Amaury Lecomte : « Avec Adludio, le taux d’engagement minimum est de 10% »

Amaury Lecomte adludio

Country manager d’Adludio, Amaury Lecomte revient sur la story de cette société, qui conçoit et diffuse des publicités sur écran mobile, avec un taux d’engagement minimum de 10% et un modèle économique précisément basé sur ces engagements.

La story Adludio

AL – Adludio est une société anglaise, créée par un banquier, ex Barclays, et un publicitaire, issu de Teads. En tirant parti du potentiel mal exploité du HTML5, ils ont développé une expertise sur l’adaptation et l’optimisation de la publicité aux écrans mobiles.

L’écran de nos téléphones mobiles est non seulement très consulté, mais c’est surtout le seul écran que l’on touche. Et ce sens du toucher volontaire, qu’on appelle l’haptique, permet une meilleure mémorisation quand il est coordonné avec la vue.
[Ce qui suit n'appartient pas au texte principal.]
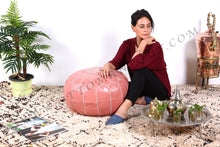 Load image into Gallery viewer, Peach Pink Moroccan Leather Round Pouf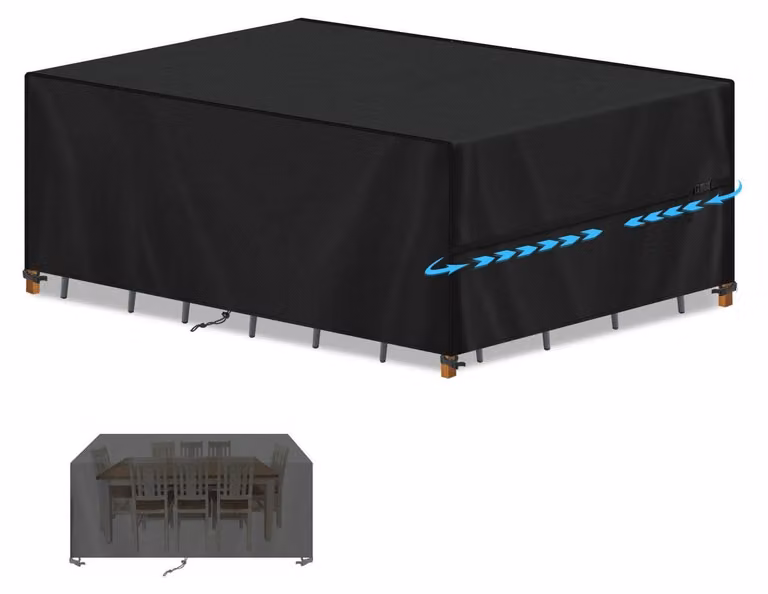 Telo protettivo per mobili da giardino, 420D Oxford, impermeabile, con protezione UV, dimensioni 220x110x75 cm, colore nero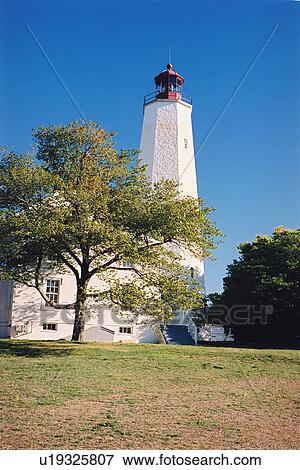 Stock Photo - lighthouse located at SandyHook, New Jersey, United States. Fotosearch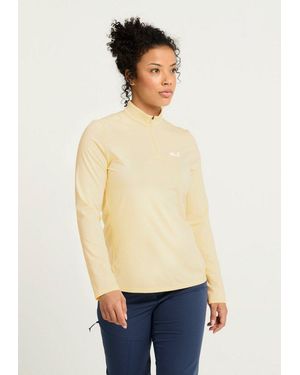 Jack Wolfskin Stehkragenpullover Trail Hz W Funktions-Langarmshirt, Schnelltrocknend, Atmungsaktiv - Natur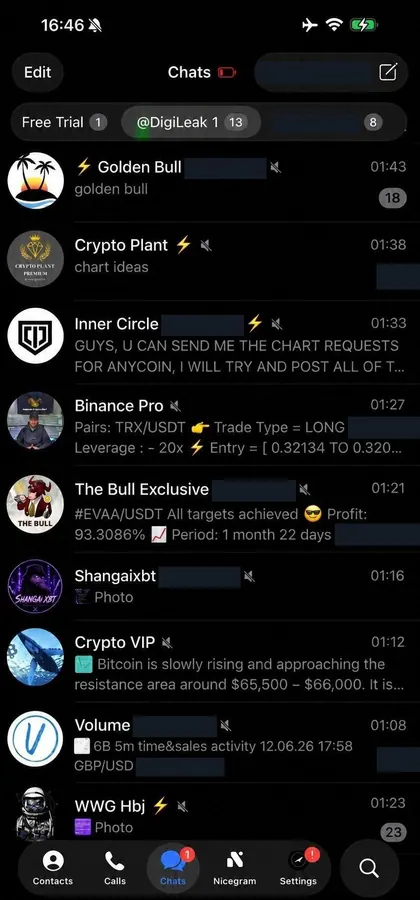 Telegram chat list inside the DIGI LEAK bot, screen 13 of 29, showing VIP signal rooms and their latest messages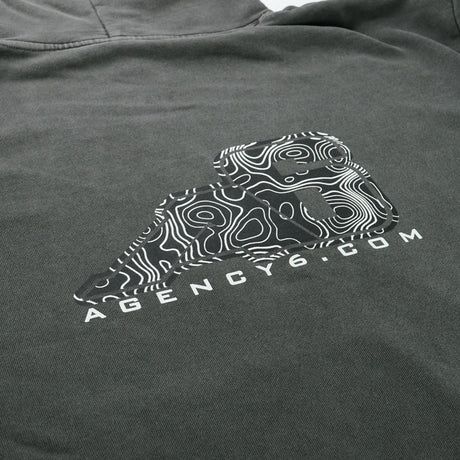 Hooded Sweatshirt - A6 Topographic Logo - Pigment Black - Xtrusion Overland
C’est ça l’histoire d’Adludio : une créa optimisée pour mobile et son écran tactile, qui rencontre un vrai discours autour de la publicité et de la mémorisation.
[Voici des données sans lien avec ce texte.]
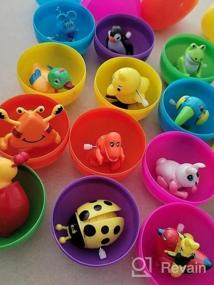 img 5 attached to Наполненные пасхальные яйца из 12 штук с различными заводными игрушками для детей - 4-дюймовые пластиковые сувениры для вечеринок, пасхальные корзины и подарки-игрушки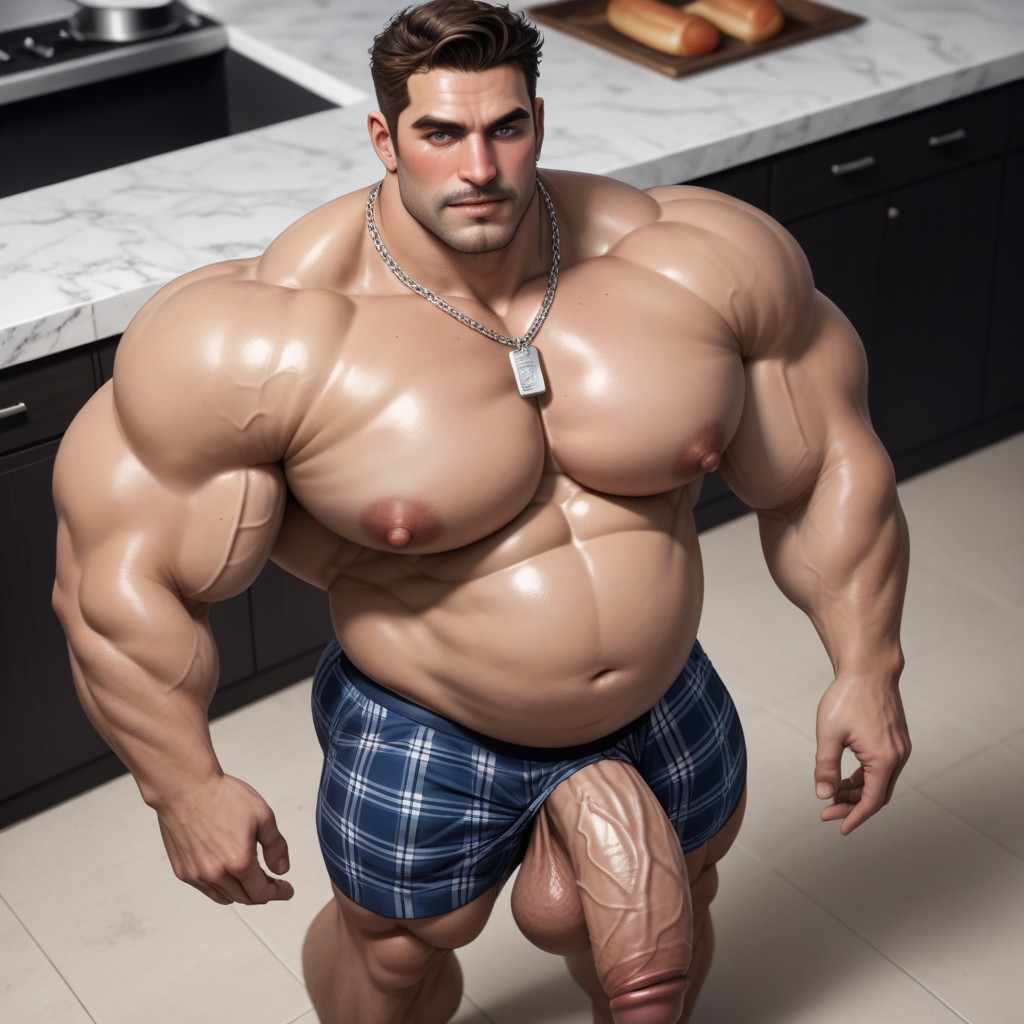 Standing Sideways, Cock Out, Smooth Belly AI Gay Porn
Une publicité mobile et tactile ?

AL – Oui, Adludio s’est penchée très tôt sur cette problématique avec la volonté d’optimiser tous les paramètres créatifs et également média, afin d’arriver à un taux d’engagement minimum de 10%. Sur 100 personnes exposées à nos campagnes, un minimum de 10 interagissent avec le format publicitaire.

Cela peut se faire par un appui long pour déclencher la lecture d’une vidéo, par un swipe pour lancer une animation, ainsi qu’au travers de mini sites HTML5, offrant des expériences très complètes, mais tenant dans des formats IAB comme le MPU 300*250.

Notre priorité est de générer de l’attention et de l’interaction et ainsi de nous démarquer de formats publicitaires classiques comme les bannières ou les vidéos en autoplay.

Vers un modèle économique à l’engagement ?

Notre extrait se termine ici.